Re: VEDICS Speech Assistant

Makedict has some set of rules that determines what the pronunciation should be. if it can successfully make a pronunciation out of a given word, you can pronounce the word directly else it generates the pronunciation of the word's spelling.

we have kept the desktop interaction part separate from the speech recognition part (communication between the 2 happens through sockets. The speech recognizer sends the text to the desktop part). So if you want to use any other speech recognizer, all you need to do is create a socket connection with the desktop part and send the text recognized.

Desktop part generates the set of words currently visible on the screen to a file. That file can be used by any speech recognizer to create grammar and dictionary file.

2010/5/21 bharat joshi <bharatjoshi1 gmail com>

Answer to your first question, Vedics is context based. It generates the word set based on what is accessible on the front end.
Answer to your second question. Vedics uses MAKEDICT ( which generates the pronunciation of the words given to it. These words are given to MAKEDICT by the c code of VEDICS whch uses ATSPI to find the elements accessible. Now it recognizes english words perfectly, It also recognizes words of other languages. We have tried it with words from Hindi, Kannada (Indian Languages)(Words of hindi and kannada but written in english).

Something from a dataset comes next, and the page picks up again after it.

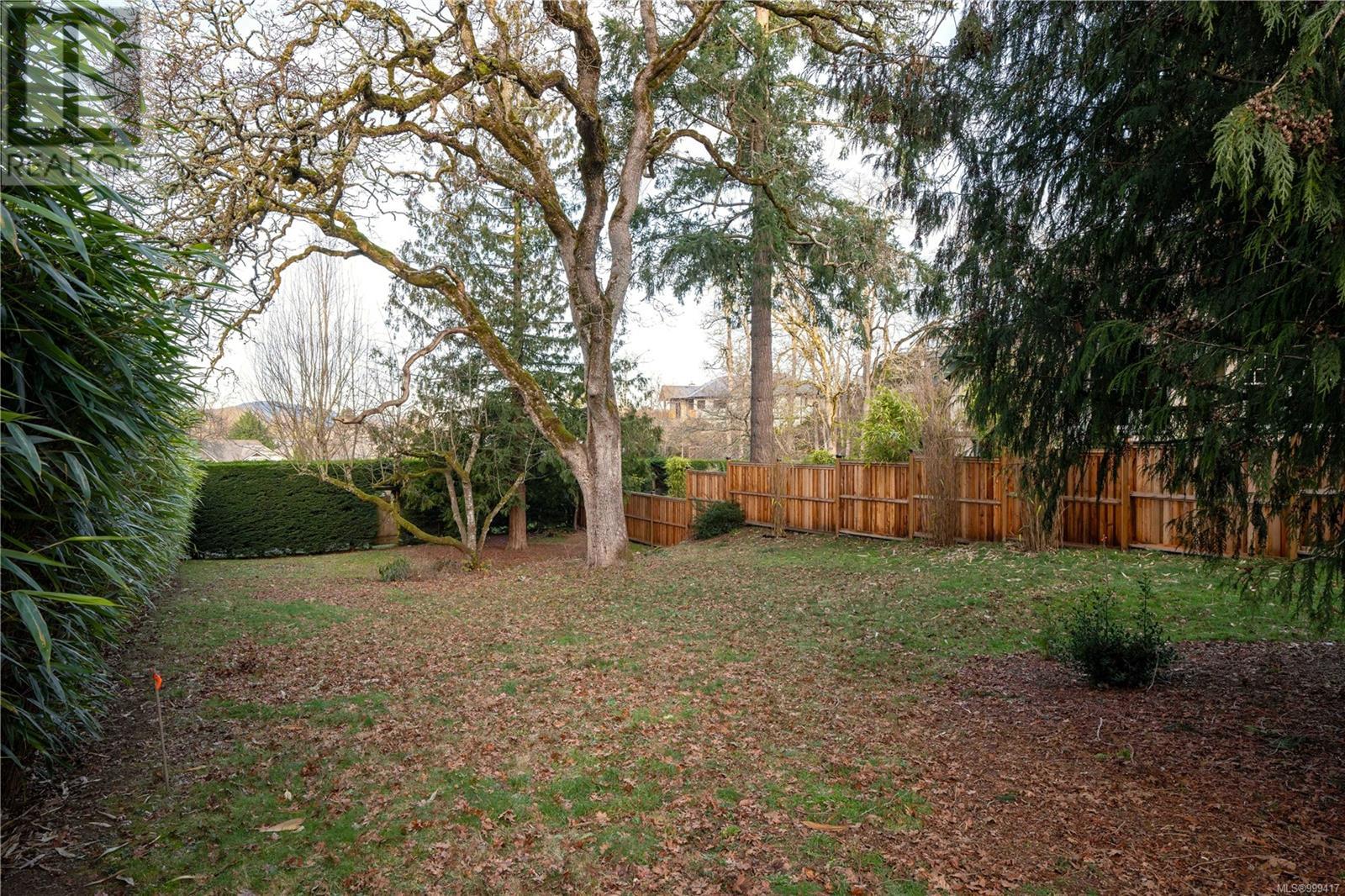 Property at 933 Woodhall Dr image 5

Check out the video "Vedics screencast, Termination commands". In that video we create files with odd names like "q6pw" and "pcw" which connot be part of any language, yet vedics generated the pronunciation for them and recognizes them.

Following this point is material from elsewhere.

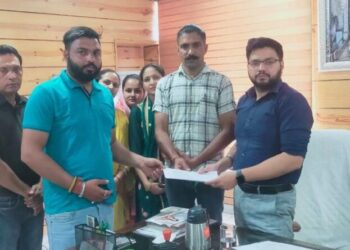 सरकार के एक नियम से हजारों बच्चों का भविष्य बिगडा, नये नियमों से अभिभावक परेशान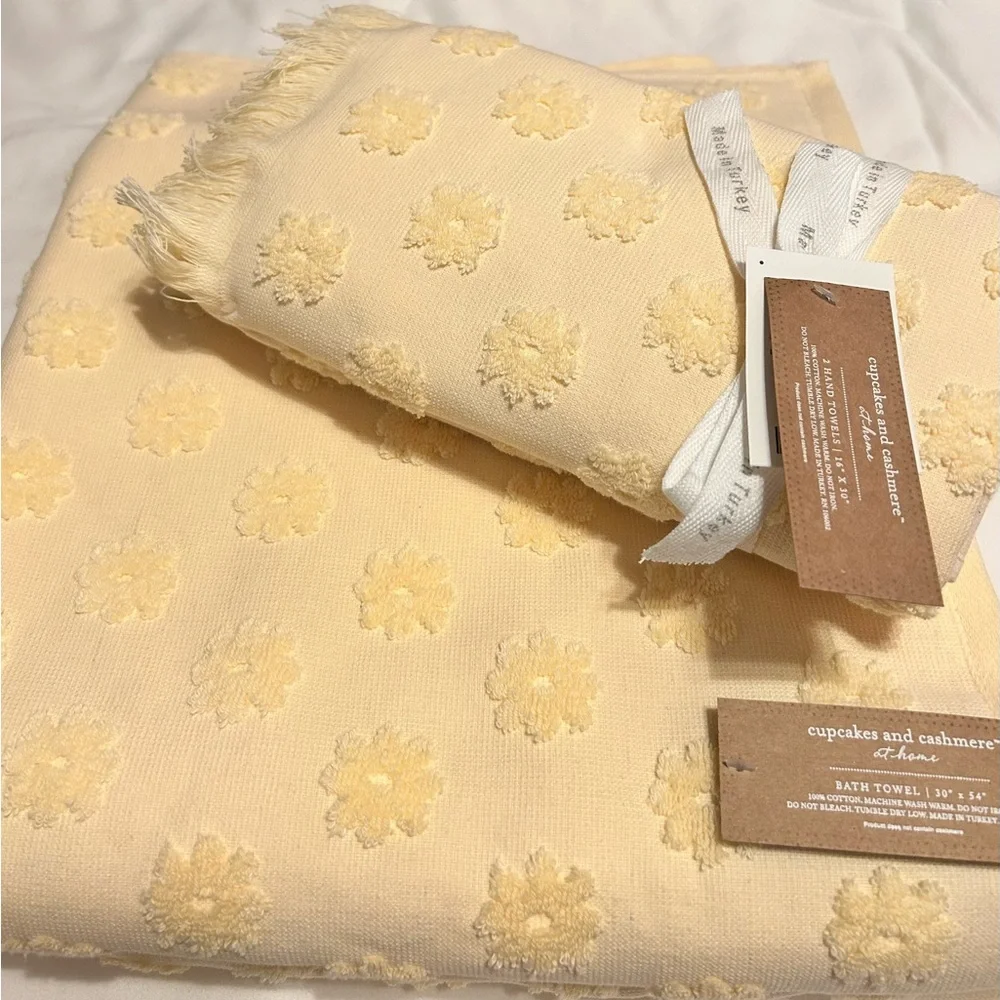 Cupcakes and Cashmere 4 pc Bath Towels  Set 100% Cotton NEW! - Picture 2 of 6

There are some cases to be considered here.
     http  is pronounced as h t t p itself whereas
     DSL is pronounced as  disel. This is because Makedict was able to make a proper pronunciation for it.
    cdrom would be "c drom"

"Nesanga Nenena", is a telgu language word, but Vedics recognized it perfectly.

User must do some trail and error with other language words.

Currently we are still in the development phase.
We still have some features to be added to vedics like spelling words.
We have not yet written the installation program, so you could not find in repo. It will a week or two by the time we finish our exams and write the installation program.

And one more important feature to be added to the list is
8. No training required. we have tested it with different users using vedics. The 8 videos were made by 3 different people. A person can directly install, get familiar with commands and start using it. He does not require any training of voice. Vedics recognizes any voice.

2010/5/21 José Félix Ontañón <felixonta gmail com>
El 21 de mayo de 2010 11:01, bharat joshi <bharatjoshi1 gmail com> escribió:


Ya we know about GVC, and we have tried it also.
You can say VEDICS is a super set of GVC.
Some of the key features of VEDICS are

  1. Accuracy is much better as we use SPHINX-4.
  2. File System Navigation - >Navigating files and folders is very easy.
  3. Recognizes any thing- > Vedics is dynamic, in the sense it generates words and its pronunciation dynamically.For example, if we take a simple command like "run text editor", the front end changes as editor opens. Vedics generates a new list of words from the front end and produces its pronunciation and grammar files. This makes Vedics recognize any word. It can even recognize junk words like "hsjft"
  4. We can pause and start VEDICS through voice using "stop listening" and "start listening" command.  In gvc, people had to use mouse to do it. You can also quit Vedics through voice.
  5. Works perfectly on Ubuntu 9.10 and 10.04.
  6. Can access any element including checkbox, radio button, links, lists etc....
  7. Popup menus like the one that opens on right click are also accessible.

I'm fascinating with the power of feature 3, it can generates pronun&grammar on-the-fly and context-based?
I suppose you mean that Vedics can recognize any word but in english languages, isn't? What about other languages?
Do we need a text/voice corpous to feed and training it in other languages?

And about feature 5, did you have some precompiled binaries or even debian packages for testing? I can't find in sourceforge any other thing than the svn repo.


2010/5/21 José Félix Ontañón <felixonta gmail com>
2010/5/21 Nischal Rao <rao nischal gmail com>


I and some of my friends have created a speech assistant software for linux called VEDICS(Voice Enabled Desktop Interaction and Control System). Using this software the user can access any element found on the user's screen through speech. The user can also navigate the filesystem through speech.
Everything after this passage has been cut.